Philippe Gerbier and his team don’t have much time to carry out attacks on the Germans; they’re too busy identifying and eliminating informers and collaborators on their own side in "Army of Shadows."

"Army of Shadows" re-emerges

The stakes in "Army of Shadows" are truly life and death, and that puts Jean-Pierre Melville’s remarkable 1969 nail biter on a different plane than contemporary spy thrillers. The film centers on a cell of the French Resistance headed by the middle-aged, square-jawed Philippe Gerbier. Shrewd and decisive, Gerbier (portrayed with no-nonsense perfection by Lino Ventura) is part strategist and part assassin. Alas, he and his team don’t have much time to carry out attacks on the Germans; they’re too busy identifying and eliminating informers and collaborators on their own side.

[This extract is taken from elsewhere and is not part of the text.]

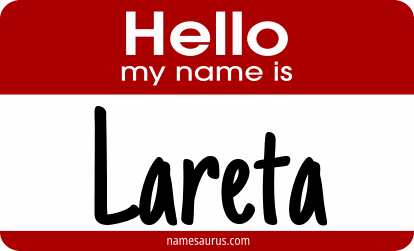 Hello my name is Lareta png download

It comes as a shock to realize that Gerbier and his group (including a lone woman, portrayed without a wisp of vanity by Simone Signoret) are, essentially, only playing defense. This is not the image of the Occupation we’re used to getting from movies, which typically treat us to inspirational acts of sabotage and a satisfying accumulation of dead Nazis. On the contrary, "Army of Shadows" presents life in the Resistance as unglamorous, unsavory, and desperate.

Melville is not engaging in historical revisionism here, or stylish nihilism. The director took a novel by Joseph Kessel, which he’d read in London when it came out in 1943, and augmented it with his own experiences as a member of the Resistance for two years. There’s not a moment of false sentiment, or indulgence of any kind. What Melville is doing is introducing some unexpected ambiguity to the seemingly clear-cut imperative of fighting an occupying force. We’re never in doubt about who the good guys are, but — as with the Algerian freedom fighters (or are they terrorists?) in "The Battle of Algiers" — we have some queasiness about their tactics. The effect of "Army of Shadows," ultimately, is to challenge our definition of heroism.

"Army of Shadows" plays the Pacific Film Archive Thurs/11.